Бангкокский залив заслуживает свою репутацию. Самолет приземляется на дорожке, развернутой на воде. Стюардессы, похожие на китаянок, в юбках с разрезом сбоку, приоткрывающим длинные ноги, будоражат воображение молодых людей.

Командир корабля компании «Эр Франс» перед вылетом получил разрешение покружить нас над заливом. Сампаны! Целые жилые кварталы на воде! Я охотно заблудился бы в них на несколько дней.

Промежуточная посадка в Сайгоне была удушливой: большое оживление, толчея, атмосфера парилки. Впереди Бангкок. Четверо наших молодых товарищей, не участвующих во второй половине турне, попросили разрешения отделиться от труппы, чтобы посетить за свой счет Ангкор. Это очень умно с их стороны. Мы желаем им счастливого пути, и они исчезают в темноте.

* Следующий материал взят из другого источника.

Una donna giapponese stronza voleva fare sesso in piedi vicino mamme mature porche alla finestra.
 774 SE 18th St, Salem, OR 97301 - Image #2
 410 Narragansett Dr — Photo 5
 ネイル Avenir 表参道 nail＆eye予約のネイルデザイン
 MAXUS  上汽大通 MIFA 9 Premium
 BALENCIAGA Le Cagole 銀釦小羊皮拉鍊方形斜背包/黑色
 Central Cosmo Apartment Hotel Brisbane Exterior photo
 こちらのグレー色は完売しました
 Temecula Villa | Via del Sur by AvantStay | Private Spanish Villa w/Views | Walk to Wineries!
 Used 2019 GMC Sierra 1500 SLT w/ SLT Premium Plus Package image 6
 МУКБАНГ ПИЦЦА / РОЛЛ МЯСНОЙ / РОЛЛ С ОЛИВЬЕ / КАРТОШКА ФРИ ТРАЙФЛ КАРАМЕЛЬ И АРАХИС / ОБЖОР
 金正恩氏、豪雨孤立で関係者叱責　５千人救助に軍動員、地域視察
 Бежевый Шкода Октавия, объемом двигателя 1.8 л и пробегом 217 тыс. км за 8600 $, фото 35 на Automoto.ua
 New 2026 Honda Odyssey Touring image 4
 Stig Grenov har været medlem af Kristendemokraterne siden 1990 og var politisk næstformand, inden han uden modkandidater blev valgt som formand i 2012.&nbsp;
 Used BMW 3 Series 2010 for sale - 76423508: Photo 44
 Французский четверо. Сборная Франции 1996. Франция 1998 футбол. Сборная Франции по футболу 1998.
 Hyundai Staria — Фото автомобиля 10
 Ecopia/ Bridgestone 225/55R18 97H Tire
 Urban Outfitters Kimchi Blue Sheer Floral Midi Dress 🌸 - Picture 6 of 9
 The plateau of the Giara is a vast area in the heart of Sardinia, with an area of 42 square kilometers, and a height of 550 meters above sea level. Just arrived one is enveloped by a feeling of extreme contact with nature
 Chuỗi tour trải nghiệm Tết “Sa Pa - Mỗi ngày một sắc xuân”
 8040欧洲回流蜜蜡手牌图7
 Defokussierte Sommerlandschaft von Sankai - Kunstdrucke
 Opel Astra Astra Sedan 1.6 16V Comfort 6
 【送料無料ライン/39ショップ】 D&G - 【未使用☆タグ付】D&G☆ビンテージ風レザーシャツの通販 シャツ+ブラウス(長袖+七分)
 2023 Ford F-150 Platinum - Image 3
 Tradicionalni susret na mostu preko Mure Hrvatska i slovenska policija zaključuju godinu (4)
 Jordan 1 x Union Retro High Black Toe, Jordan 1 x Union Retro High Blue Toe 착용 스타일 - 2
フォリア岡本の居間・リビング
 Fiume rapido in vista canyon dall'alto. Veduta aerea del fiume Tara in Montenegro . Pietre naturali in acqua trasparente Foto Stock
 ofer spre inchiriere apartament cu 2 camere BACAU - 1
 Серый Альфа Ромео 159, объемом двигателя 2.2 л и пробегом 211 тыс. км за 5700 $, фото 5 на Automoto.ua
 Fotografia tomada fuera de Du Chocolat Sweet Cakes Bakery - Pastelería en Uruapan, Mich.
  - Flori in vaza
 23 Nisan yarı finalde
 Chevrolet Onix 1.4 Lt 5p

Должно быть, по местному времени час поздний, так как аэропорт кажется нам погруженным в сон. Время тянется медленно. Погода теплая, и мы направляемся к террасе, где в шезлонгах и больших низких деревянных креслах дремлют смирившиеся путешественники. Никто уже не разговаривает, усталость берет свое. Живыми остались только большие насекомые — с адским шумом скатываются они по взлетной дорожке к основанию террасы, медленно вальсируют вокруг «лица нелетного состава», которое отмахивается от них флажком, — крошечный укротитель, заставляющий перестраиваться слонов.

От гула турбин у нас разрываются уши, но он бессилен разбудить смуглое существо, которое храпит рядом со мной, — пассажира в позе поверженного воина с растерзанной грудью и повисшими в воздухе ногами.

Время от времени затяжные раскаты грома сотрясают воздух, и огненное чудовище, оторвавшись от дорожки, улетает в неведомом направлении.

Когда человек спит, кажется, что вокруг него все мертво. От признаков жизни остается только дыхание и мерные, легкие урчания в животе. Так оно и есть вокруг нас, по всей планете. Она кажется уснувшей, почти что мертвой. Только страшный гул самолетов, отрывающихся от земли с равными интервалами, но всегда как-то неожиданно, да неприятный свист тех, которые приземляются, желая набраться новых сил на аэродроме, дают знать, что умерло еще не все и где-то в мире существует жизнь.

И в тот момент, когда мы покорно смирились со своей судьбой, мы почувствовали себя уже не в каком-то определенном географическом пункте, а на земле, покрытой ночью. Вверху, в черном небе, зажглись все светильники. Настал час бога, момент, когда слышится его дыхание.